Edebiyatla da en başından beri içli dışlı olan, Milan Kundera’yı çok seven Teoman’ın kafiye ve redifleri, dize formunda yazdığı sözler sıkı kalem oynattığını da gösteriyor. Müzisyenin kült olmuş, efsaneleşmiş, herkesin hafızalarına kazınan pek çok şarkısı var ve bunlar hep farklı farklı albümlerden. Bunlardan biri yine ilk albümünde karşılıyor bizi: Papatya. Bir yerde çaldığında herkesin kolayca tanıdığı bu şarkı da ta 1997’den sesleniyor bize.
“Zaman mı değişti yoksa ben mi
Geride kaldı o günler
Aklım belli karışmış
Yüzümde gölgeler
Senin için saklayıp, sana getirip
Anlattığım her şey
Artık çok boş geliyor
Yalan tüm kelimeler”
Daha ilk albümüyle geçmişte yitip giden bir şeyin kafasını kurcaladığını belli eder Teoman. Öyle ki, 2002’deki bir açıklamasında şunları söylüyor: “Konsere çıkmazsam mutsuz olurum. Hatta parasını almayayım ama konsere gideyim. Benim oraya çıkmaya ihtiyacım var. Ben o şarkıları söyleyince bir sürü şey birbirine bağlanıyor. Çünkü o şarkılarda gerçekten kendimi anlatıyorum. Anlatırken o yazdığım zamanı hatırlıyorum. O yazdığım zamanı hatırlarken daha önceki çocukluğuma dönüyorum. O gitar çaldığım zamanı hatırlıyorum. Onların hepsinin bende güzel yükleri var. Onların hepsi birdenbire film şeridi gibi önümden geçiyorlar.” Geçmişe dönüp bakma hali, şarkılarından öte, hayatının diğer alanlarında da var belli ki.
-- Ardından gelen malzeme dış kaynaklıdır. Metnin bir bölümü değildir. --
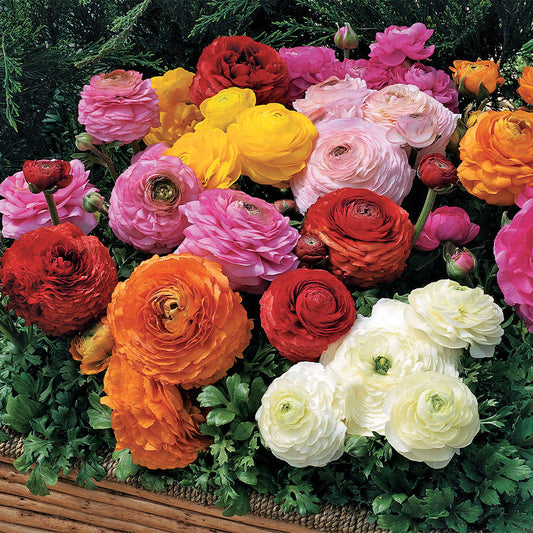 Ranunculus Blend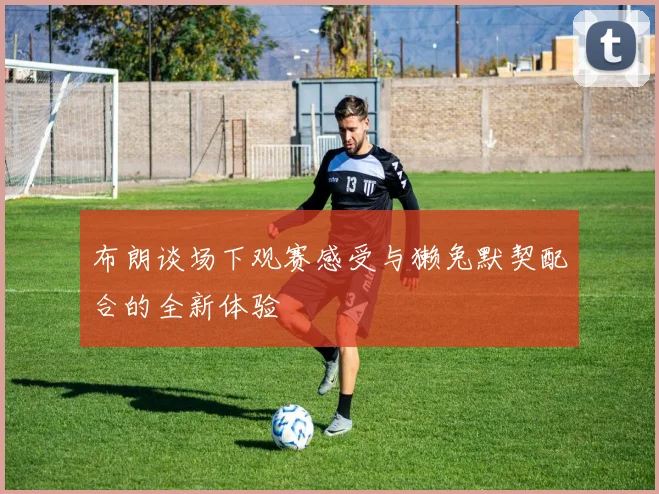 布朗谈场下观赛感受与獭兔默契配合的全新体验
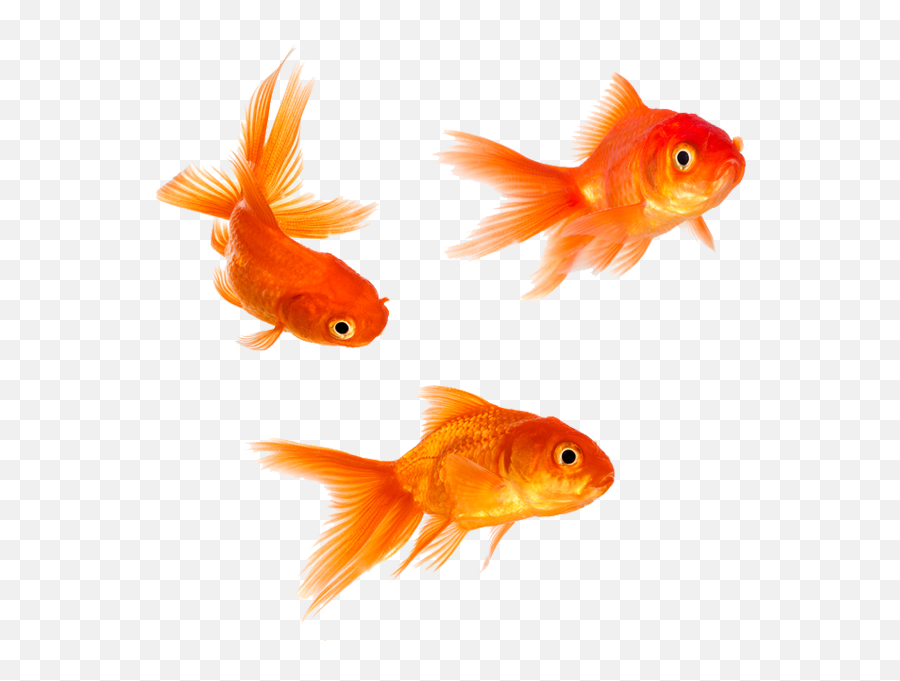 Download Animal Magic Goldfish Png - Transparent Background Fish Png Transparent,Goldfish Transparent Background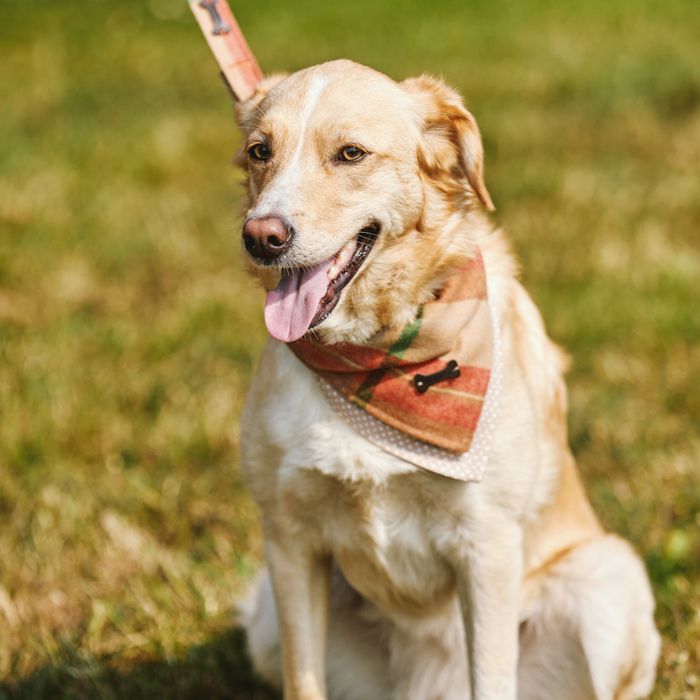 Pet Accessories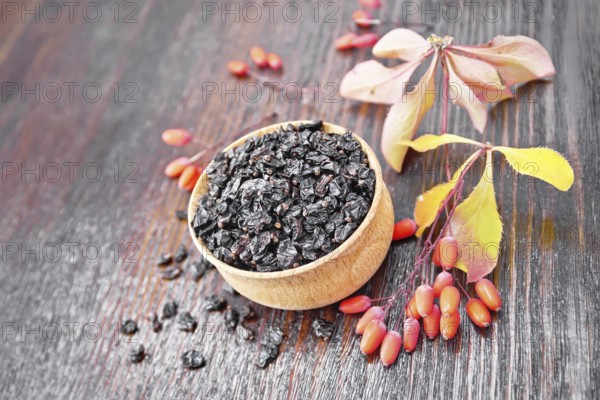 Dried black barberry in a bowl, sprigs with fresh berries and leaves on dark brown wooden board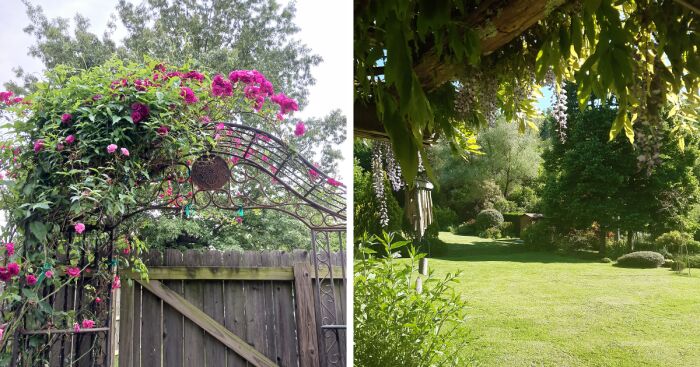 Hey Pandas, Please Show Us A Current Picture Of Your Gardens (Closed)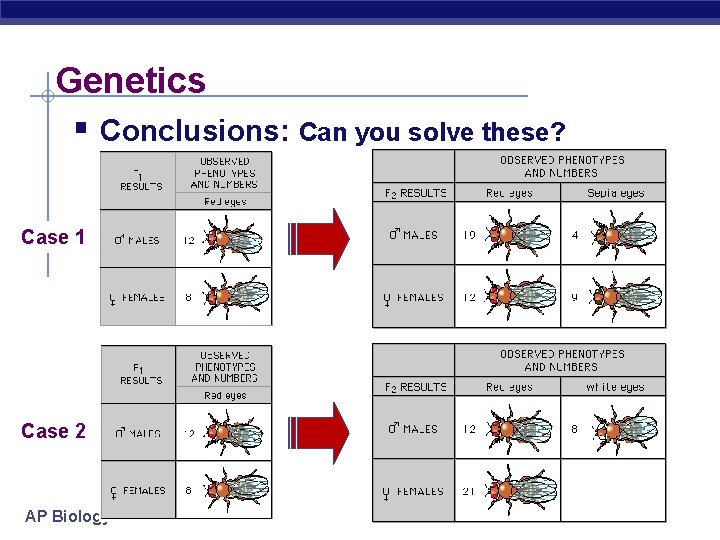Genetics § Conclusions: Can you solve these? Case 1 Case 2 AP Biology 
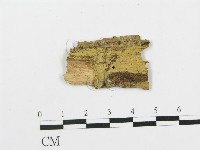 登錄號:F0003176藏品圖，第1張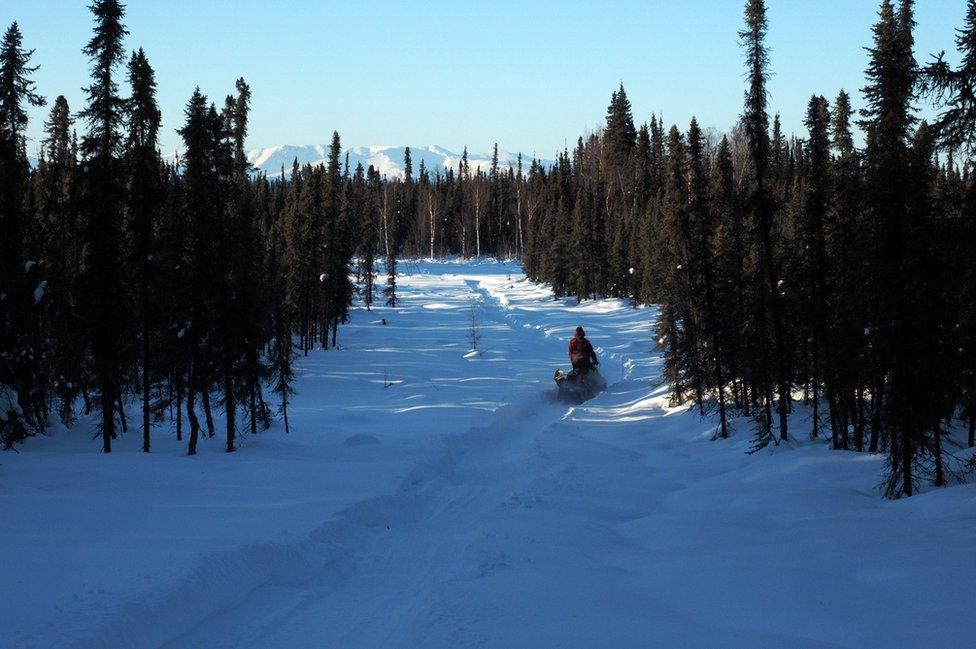 The snow mobile moves through the trees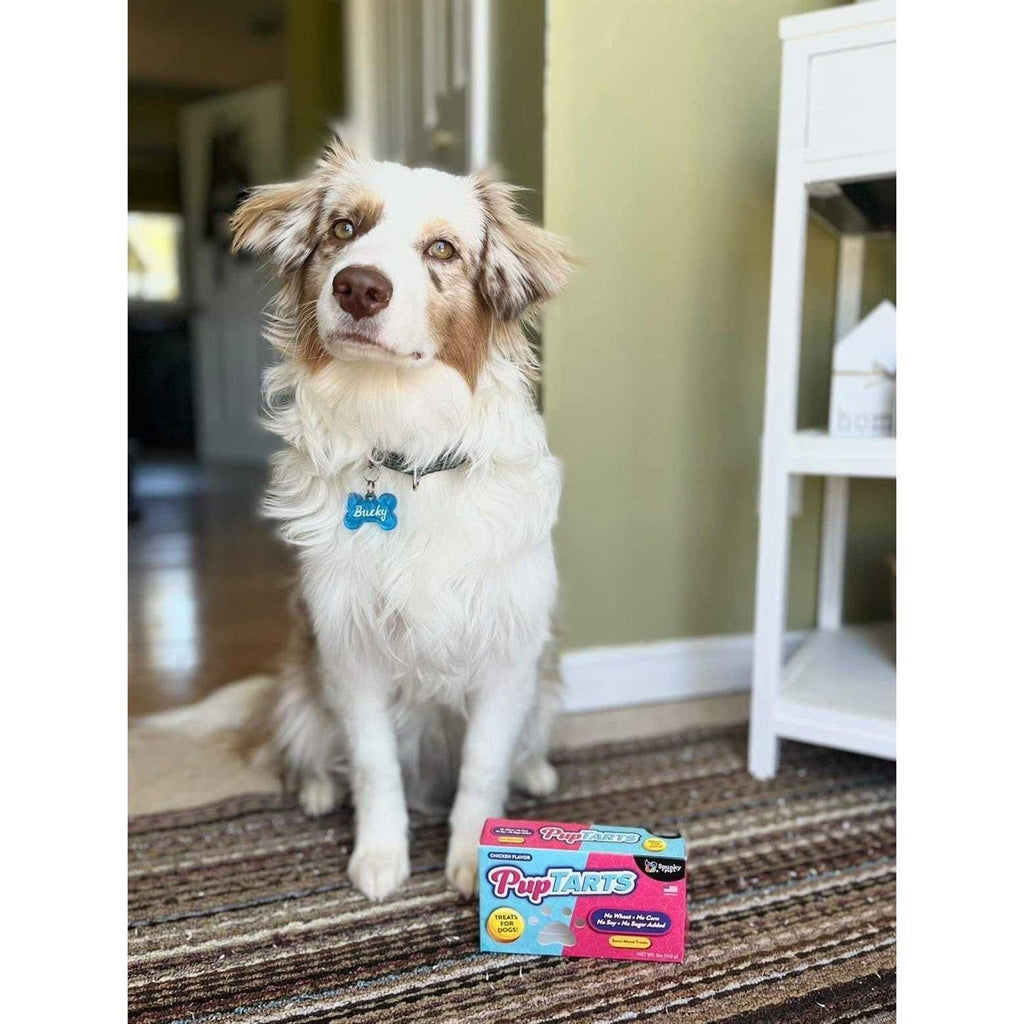 Dog Treats R112772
İlk albümü çıktıktan sonra İstiklal Caddesi’nde yürüyemeyen Teoman, 1998 senesinde de ikinci albümüyle Türk rock müziğine büyük katkı sunmaya devam ediyor. Dünden bugüne herkesin aşina olduğu birkaç Teoman şarkısını bu ikinci albümde de bulabiliyoruz. Albümün adı: “O”. Albüme adını veren şarkı klasikleşmiş bir Teoman şarkısıdır tabii:
“O her şeyi kendi yanından görüp
Almak istediğini alır
Başka şey düşünmez
Beni unuturdu”
Ben müzisyenin tüm albümlerini sırasıyla dinledikten sonra fark ettim ki, Teoman’ın neredeyse tüm şarkıları efsaneleşmiş halde. Bu nasıl oluyor anlamıyorum. Hani bir müzisyeni, şarkıcıyı seversiniz. Çıkarttığı bir albümünde 3, 4 ya da 5 tane favori parçanız olur. Ama Teoman’ın şarkıları bu anlamda çok az ıska geçti benim için. Üstelik dediğim gibi, geçmişten bugüne klasik haline gelen şarkıları da hep bambaşka albümlerinden. Yine “O” adlı ikinci albümünde bizi “Bazı Yalanlar”, “Gemiler” gibi şarkılar karşılıyor. Tabii “Gemiler”, Teoman’a ait değil. Ancak bu şarkılar da internette basit bir “Teoman” araması yaptığınızda karşınıza hemen çıkacak şarkılardan. Teoman’ın etkileyici bir şarkı sözü yazarı olduğunu Bazı Yalanlar’ın sözleriyle de görmek mümkün:
“Yalanlarımız güzel, inanması zevkli
Bir şey sevmeye değerse ölmeye de değer mi?
Birkaç uyku hapı
Birkaç kıskançlık krizi
Elimizde bunlar var
Mutlu olmaya yetmez ki”
Bu ikinci albümden dikkat çekmek istediğim iki şarkı daha var. Birincisi Ahmet Erhan’ın “Oğul” şiirinin şarkısı. Teoman, edebiyatla geçmişten bu yana içli dışlı olduğunu daha ikinci albümünde gösteriyor. 2013’te yitirdiğimiz şair ve öykü yazarı Ahmet Erhan’ın “Oğul” şiiri, Teoman’ın müthiş sesi ve yorumuyla, sözlerin de biraz değişmesiyle benim için unutulmazlar arasında yerini aldı:
“Anne ben geldim
Dizlerin duruyor mu başımı koyacak?
Anne ben geldim, oğlun, hayırsızın…”
Teoman’ın şarkılarında anne ve baba figürleri de oldukça önemli aslında. Çok küçük yaşta babasını kaybeden müzisyen, annesi ve anneannesiyle büyüyor. Çocukluğunda ve belki ileriki yıllarında da bir baba figürü aradığını tahmin etmek zor değil. Dikkat çekmek istediğim ikinci bir şarkı da yine geçmişe dönüp bakan bir adamın portesini çiziyor: “Kişisel Bir Şey” şarkısı.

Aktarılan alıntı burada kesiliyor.